Change is bad for Bruins
Lapse in overtime proves to be costly
COLUMBUS, Ohio -- Just minutes after the Blue Jackets had scored a six-on-three third-period goal to wipe out a 4-3 Bruins lead, Tim Thomas spotted the beginning of the end in overtime.
In front of the Boston bench, his teammates had started to make a change.
But as they headed off and reinforcements started to roll over the boards, the puck squirted out of the scrum and onto the stick of Columbus forward David Vyborny.
"I saw a couple guys go in and change, and that's right when the puck popped loose," said Thomas. "I was like, 'Oh no.' "
Thomas went into shootout mode, in which he's stopped 16 of 20 shots and guided the Bruins to four victories. He squared up to Vyborny, trying to make himself as big as possible.
But Vyborny, Columbus's leading scorer, flipped a backhander past Thomas with 1:54 left in overtime for his ninth goal and 33d point of the season, giving the Blue Jackets a 5-4 victory and prompting Thomas to smack his stick against the post as he skated off the ice.
"We outplayed them for two periods," said Thomas, who earlier in the day had been named the NHL's first star for his three wins last week. "We had the momentum and had them back on their heels. But we couldn't keep the pedal to the metal."
The Boston winning streak ended at three, but coach Dave Lewis was happy to escape Nationwide Arena and its 17,376 fans with a 1-point result.
"It's hard to win," said Lewis, whose club has three more games on this road trip. "It's hard to win on the road."

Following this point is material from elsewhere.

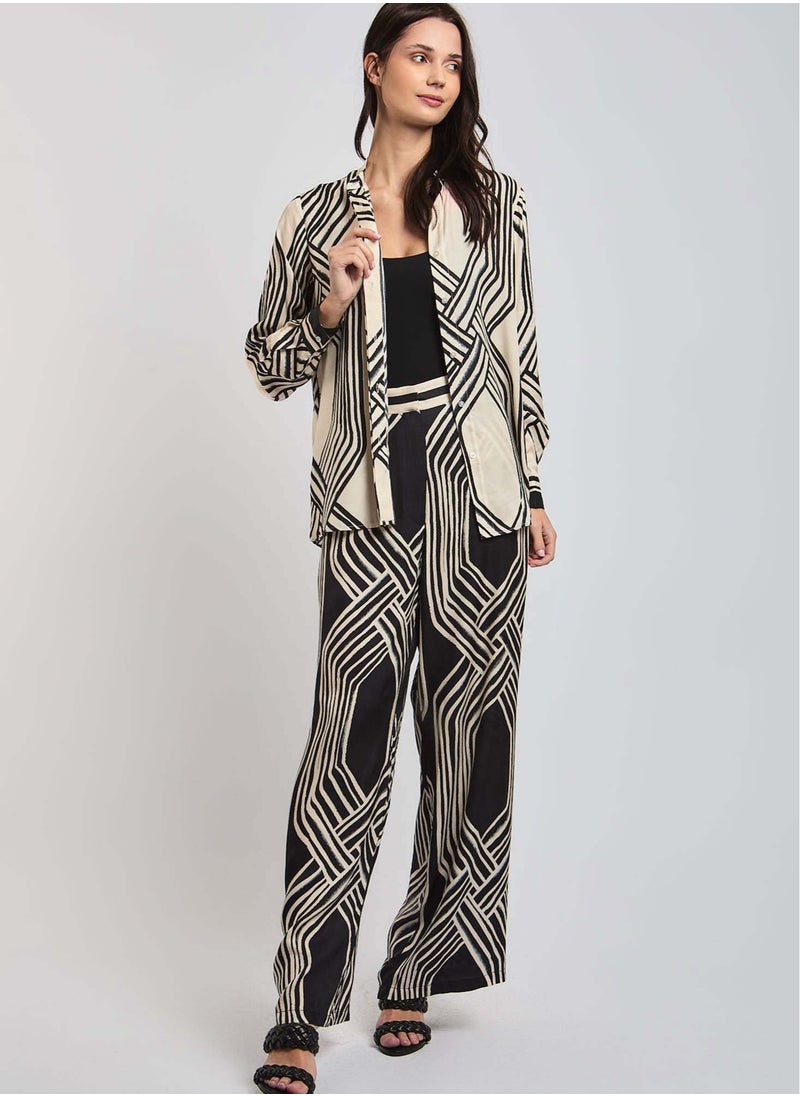 DALYDRESS - Fancy All Over Printed Pants - Image 1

It's especially challenging when you lose your top two defensemen to penalties late in the game. At 18:24 of the third period, with the Bruins leading, 4-3, Brad Stuart was called for tripping when he appeared to nick forward Nikolai Zherdev, who was steaming into the Boston zone and lost an edge. As he skated to the penalty box, Stuart voiced his displeasure at the call.
"I'm not going to comment on the call," said Stuart. "You can read between the lines of that, but I'm not going to say anything about it. It's pretty typical. What can you do?"
Fifty seconds later, Zdeno Chara joined Stuart in the box. With 45.6 seconds remaining in regulation, Chara was whistled for hooking when he got a hold of Rick Nash as the forward skated out of the right corner.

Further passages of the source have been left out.